Despite the risks IPEF countries face in reducing China’s role in their supply chains, they are eager to participate in the United States’ push toward “friend shoring,” or encouraging companies to shift manufacturing away from authoritarian states and toward allied nations. After U.S. President Donald Trump imposed tariffs of up to 20 percent on U.S. imports from China in 2018 and 2019, India, Japan, South Korea, and Vietnam gained a larger share of the U.S. market. Since then, India and Southeast Asian countries have become increasingly important global supply nodes. Through IPEF-related foreign investment and technology transfer, they hope to become major suppliers of electronics, energy components, and medical products to the U.S. market, as well as provide traditional labor- and resource-intensive goods.

The Biden administration has failed to define where it wishes to see Chinese participation in supply chains curtailed.

The success of U.S. friend-shoring efforts in the region likely hinges on whether the United States commits IPEF partners to intermediate input sourcing only from other countries that the United States deems to be allies. By eliminating China as a source of intermediate goods, participants in friend shoring risk degrading their own export competitiveness. If the United States were offering preferential market access to those who meet the new no-China requirements, taking on new obligations that raise production costs to serve U.S. buyers might make economic sense. Without such access, private investment in constrained supply chains will be hard to raise.

One way U.S. negotiators can improve prospects for a successful IPEF outcome is by tempering their expectations for how extensively and rapidly U.S.-allied nations can reduce their reliance on Chinese investors and suppliers. U.S. policymakers are identifying parts of the supply chain that they regard as critical to national security. This is a positive development, because it could provide parameters for the United States’ requests for reducing China’s role in exports.

Recent American initiatives suggest that the United States is willing to facilitate investments in IPEF partners capable of serving as alternate suppliers. For example, a recent U.S. government loan to First Solar, a U.S. manufacturer of solar panels, to set up a factory in India may be an indication of how the United States can move away from dependence on the Chinese market.

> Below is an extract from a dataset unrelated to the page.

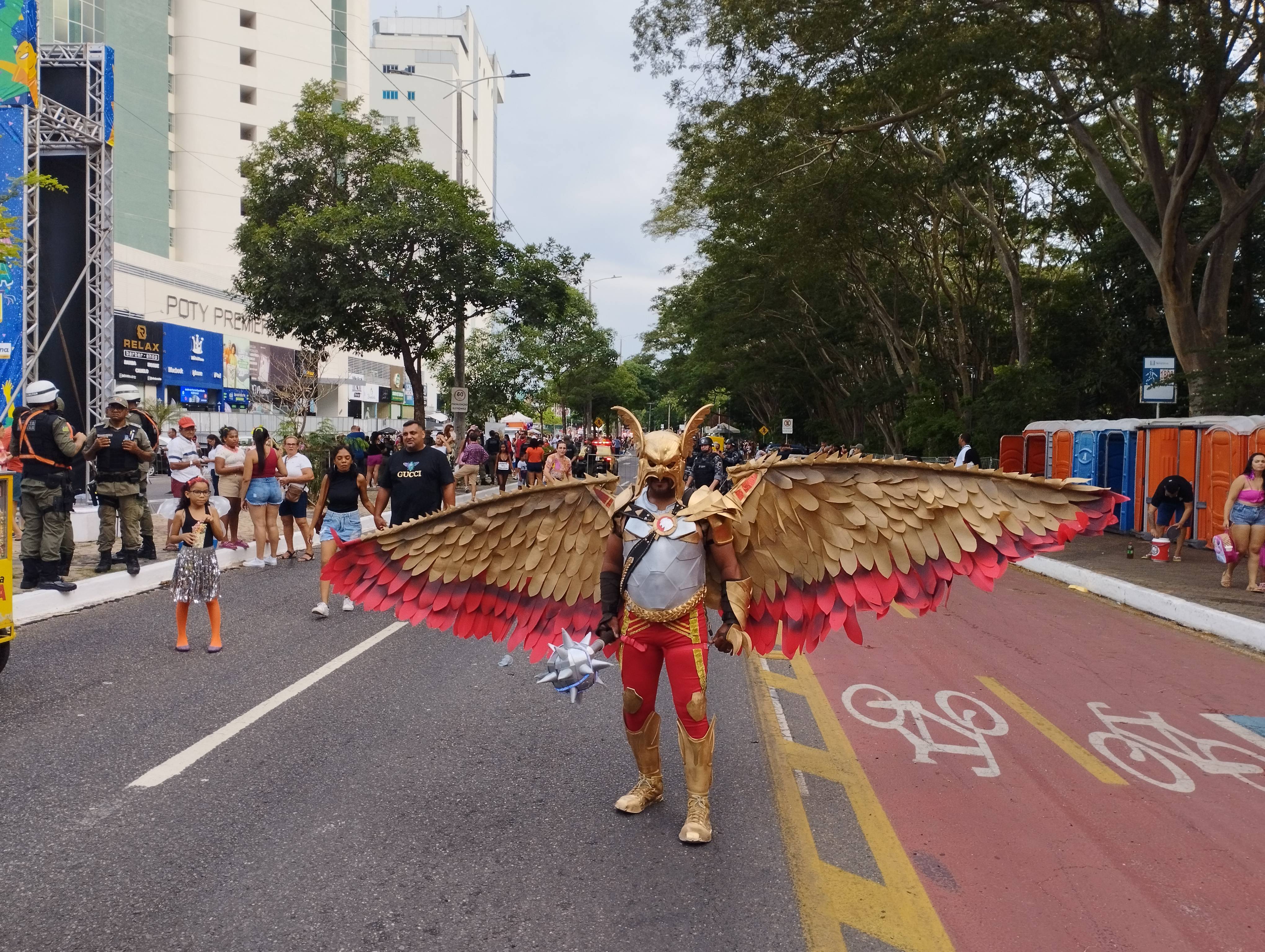 Foliões usam a criatividade e fazem a alegria do Corso com fantasias realistas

Achieving even a limited set of the IPEF’s promises requires a flexible and patient approach to relationship building. By opening a consultative and wide-ranging dialogue with a diverse set of countries, the United States is offering something of value to its Indo-Pacific partners. The IPEF can pay real dividends over time for all its members, especially if the United States tempers its ambitions by recognizing the region’s policy preferences and existing alliances.